== Information shown

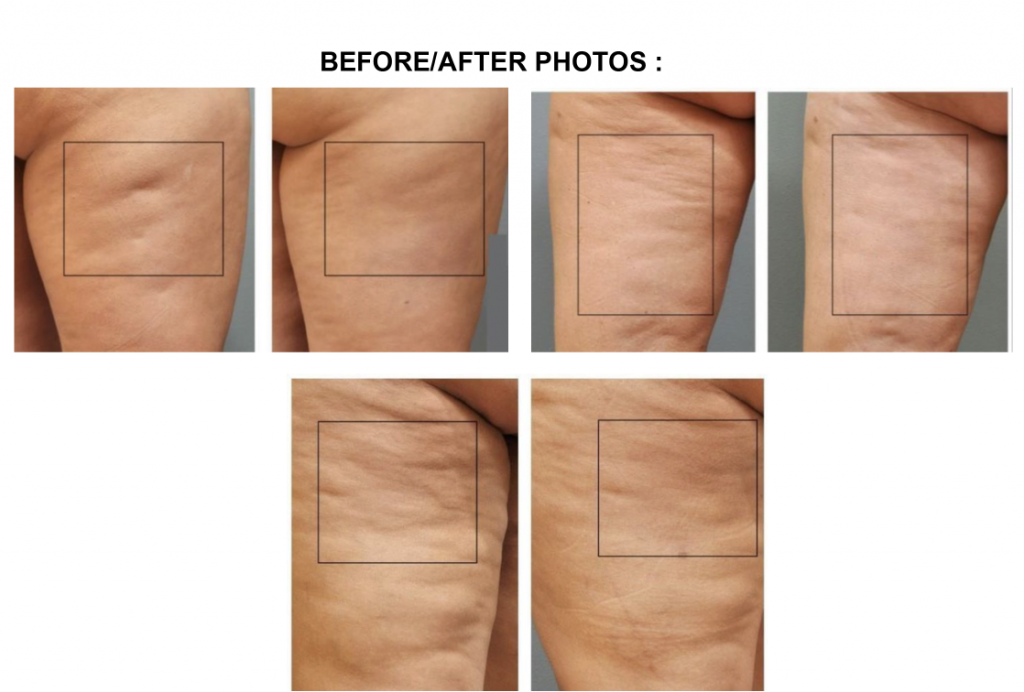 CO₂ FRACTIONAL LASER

====
== Information shown

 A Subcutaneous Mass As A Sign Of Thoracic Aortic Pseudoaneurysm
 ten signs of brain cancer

====

• Goal of the exercise:
Produce only the lines from the line containing "A Subcutaneous Mass" through the line containing "ten signs of brain cancer", inclusive of both, exactly as they stand in the entries above.

• Exercise output:
 A Subcutaneous Mass As A Sign Of Thoracic Aortic Pseudoaneurysm
 ten signs of brain cancer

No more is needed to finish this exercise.